FE had earlier reported that the Rs 4,300 crore equity received by Air India, as part of the government’s infusion in accordance to the Turn Around Plan (TAP), will be used to fund the interest cost. Therefore, Air India executives want to treat this equity infusion as an income in the airline’s balancesheet.

“The Rs 4,300 crore of equity will be used to fund the interest cost so the correct way to account for this is to treat this as income although over the last three years it has been treated as capital in the balancesheet,” an Air India executive had observed then.

A proposal to this effect had been forwarded by the civil aviation ministry to the finance ministry. Had the proposal been accepted, the carrier hoped to report a profit in 2017-18, the first time in a decade.

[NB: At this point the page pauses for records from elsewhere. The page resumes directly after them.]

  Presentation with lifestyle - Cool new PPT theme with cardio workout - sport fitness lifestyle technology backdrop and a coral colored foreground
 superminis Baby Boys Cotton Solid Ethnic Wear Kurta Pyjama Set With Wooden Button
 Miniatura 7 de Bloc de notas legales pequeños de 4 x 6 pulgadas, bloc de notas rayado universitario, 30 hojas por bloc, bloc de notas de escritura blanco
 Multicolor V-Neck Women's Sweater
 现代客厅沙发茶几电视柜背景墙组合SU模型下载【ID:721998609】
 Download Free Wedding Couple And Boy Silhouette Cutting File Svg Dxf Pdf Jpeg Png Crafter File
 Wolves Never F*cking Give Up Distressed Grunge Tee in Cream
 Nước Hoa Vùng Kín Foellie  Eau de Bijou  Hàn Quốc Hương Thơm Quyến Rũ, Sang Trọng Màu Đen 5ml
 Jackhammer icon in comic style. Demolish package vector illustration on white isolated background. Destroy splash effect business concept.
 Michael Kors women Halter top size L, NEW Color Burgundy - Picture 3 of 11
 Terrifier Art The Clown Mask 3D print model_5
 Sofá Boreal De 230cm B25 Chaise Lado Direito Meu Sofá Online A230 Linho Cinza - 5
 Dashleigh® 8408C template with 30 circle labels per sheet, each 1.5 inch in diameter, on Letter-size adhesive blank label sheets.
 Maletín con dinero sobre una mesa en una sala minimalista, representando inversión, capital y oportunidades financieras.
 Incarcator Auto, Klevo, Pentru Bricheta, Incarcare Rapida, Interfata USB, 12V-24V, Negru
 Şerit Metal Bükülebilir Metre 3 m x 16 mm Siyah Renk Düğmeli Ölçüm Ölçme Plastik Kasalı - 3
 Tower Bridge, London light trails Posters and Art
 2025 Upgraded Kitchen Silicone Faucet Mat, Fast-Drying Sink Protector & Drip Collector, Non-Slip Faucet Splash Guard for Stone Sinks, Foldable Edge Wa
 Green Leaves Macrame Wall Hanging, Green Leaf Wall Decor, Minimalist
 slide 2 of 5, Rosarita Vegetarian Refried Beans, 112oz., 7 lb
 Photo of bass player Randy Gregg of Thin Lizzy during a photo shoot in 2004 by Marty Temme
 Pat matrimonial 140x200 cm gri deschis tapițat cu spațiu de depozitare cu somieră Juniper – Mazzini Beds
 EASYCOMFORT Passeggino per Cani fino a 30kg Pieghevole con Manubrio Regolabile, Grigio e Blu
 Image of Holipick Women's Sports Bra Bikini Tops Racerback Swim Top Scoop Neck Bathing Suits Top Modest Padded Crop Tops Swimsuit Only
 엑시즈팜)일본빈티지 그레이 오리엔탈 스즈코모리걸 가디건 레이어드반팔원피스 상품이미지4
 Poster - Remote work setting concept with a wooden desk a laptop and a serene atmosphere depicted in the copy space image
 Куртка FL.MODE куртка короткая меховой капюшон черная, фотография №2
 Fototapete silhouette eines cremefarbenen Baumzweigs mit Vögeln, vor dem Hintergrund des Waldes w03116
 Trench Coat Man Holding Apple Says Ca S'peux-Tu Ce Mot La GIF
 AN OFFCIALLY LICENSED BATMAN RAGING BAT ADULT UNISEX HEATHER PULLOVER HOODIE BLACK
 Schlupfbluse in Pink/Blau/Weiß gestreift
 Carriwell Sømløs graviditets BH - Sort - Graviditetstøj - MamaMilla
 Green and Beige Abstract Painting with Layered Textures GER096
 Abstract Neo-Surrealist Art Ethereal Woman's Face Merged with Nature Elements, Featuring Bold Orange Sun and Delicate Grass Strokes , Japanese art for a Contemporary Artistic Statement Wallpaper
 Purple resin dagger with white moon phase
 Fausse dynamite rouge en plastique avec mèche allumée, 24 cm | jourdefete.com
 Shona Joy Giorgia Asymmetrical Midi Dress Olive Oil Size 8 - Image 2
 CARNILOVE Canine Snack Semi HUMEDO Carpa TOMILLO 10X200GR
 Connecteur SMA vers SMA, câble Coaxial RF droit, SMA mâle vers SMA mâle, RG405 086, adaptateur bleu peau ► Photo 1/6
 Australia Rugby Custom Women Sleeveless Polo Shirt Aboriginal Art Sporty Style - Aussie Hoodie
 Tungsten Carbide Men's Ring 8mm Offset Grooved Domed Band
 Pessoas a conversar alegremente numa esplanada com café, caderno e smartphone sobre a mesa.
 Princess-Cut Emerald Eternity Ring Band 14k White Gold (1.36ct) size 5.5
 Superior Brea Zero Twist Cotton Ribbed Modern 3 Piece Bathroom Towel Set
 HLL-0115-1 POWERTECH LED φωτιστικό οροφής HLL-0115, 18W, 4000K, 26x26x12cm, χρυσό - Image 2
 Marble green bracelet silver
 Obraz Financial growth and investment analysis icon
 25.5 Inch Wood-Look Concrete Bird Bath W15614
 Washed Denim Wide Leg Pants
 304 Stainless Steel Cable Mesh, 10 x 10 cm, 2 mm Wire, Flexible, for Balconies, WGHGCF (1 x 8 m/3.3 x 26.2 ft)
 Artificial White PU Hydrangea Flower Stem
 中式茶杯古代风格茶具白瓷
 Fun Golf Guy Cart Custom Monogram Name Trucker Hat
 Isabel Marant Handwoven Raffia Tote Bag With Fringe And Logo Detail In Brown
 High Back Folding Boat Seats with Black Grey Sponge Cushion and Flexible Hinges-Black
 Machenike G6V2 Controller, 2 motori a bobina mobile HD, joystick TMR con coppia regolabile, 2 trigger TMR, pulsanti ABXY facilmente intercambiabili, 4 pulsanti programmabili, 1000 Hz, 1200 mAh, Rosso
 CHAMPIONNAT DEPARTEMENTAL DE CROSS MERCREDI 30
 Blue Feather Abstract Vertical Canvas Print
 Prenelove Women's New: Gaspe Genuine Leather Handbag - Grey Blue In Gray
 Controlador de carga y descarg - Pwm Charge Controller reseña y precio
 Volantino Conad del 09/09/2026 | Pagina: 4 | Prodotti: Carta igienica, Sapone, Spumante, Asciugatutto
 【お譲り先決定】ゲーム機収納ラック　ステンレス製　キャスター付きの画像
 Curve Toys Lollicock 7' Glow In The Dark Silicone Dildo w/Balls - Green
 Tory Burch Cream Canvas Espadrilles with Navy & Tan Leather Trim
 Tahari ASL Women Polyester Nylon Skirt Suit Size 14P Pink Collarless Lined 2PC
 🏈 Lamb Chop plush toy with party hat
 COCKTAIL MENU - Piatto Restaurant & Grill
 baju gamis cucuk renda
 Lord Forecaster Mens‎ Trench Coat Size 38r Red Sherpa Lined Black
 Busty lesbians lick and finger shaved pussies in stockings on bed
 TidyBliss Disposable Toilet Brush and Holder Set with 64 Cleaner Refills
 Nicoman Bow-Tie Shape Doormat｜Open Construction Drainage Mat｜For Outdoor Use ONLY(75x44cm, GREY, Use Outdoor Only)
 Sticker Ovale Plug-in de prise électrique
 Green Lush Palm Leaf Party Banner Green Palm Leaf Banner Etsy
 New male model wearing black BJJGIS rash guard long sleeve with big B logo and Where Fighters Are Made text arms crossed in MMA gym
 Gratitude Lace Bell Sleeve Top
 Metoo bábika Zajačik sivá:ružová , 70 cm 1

Executives explained that according to Accounting Standard 12, grants could be accounted for via the ‘capital approach’, by which it is treated as part of shareholders’ funds, or the ‘income approach’, in which case the grant is taken to income over one or more periods. Analysts agree that a ‘profitable airline’ might find it easier to raise loans to fund its expansion plans.

Also, the interest payable by the airlines is funded by the government, which subscribes to the carrier’s equity capital; the airline wants this amount to be reflected as income.

With accumulated losses of close to Rs 31,000 crore, Air India has been looking to rejig its balancesheet so as to be able to report a profit. The national carrier wants to treat a part of the government’s equity infusion as a grant or income so as to prop up the bottom line.

Though the airline is expected to report reasonably good revenues of around Rs 21,290 crore for FY15, losses are estimated as Rs 4,346 crore as a big chunk of revenues of will be eaten up by interest costs on outstanding borrowings of close to Rs 40,000 crore.

The national carrier is however expected to post a small profit of about Rs 10 crore during FY16 on the back of a fall in oil prices, increasing revenues and a re-jig in its operational efficiencies.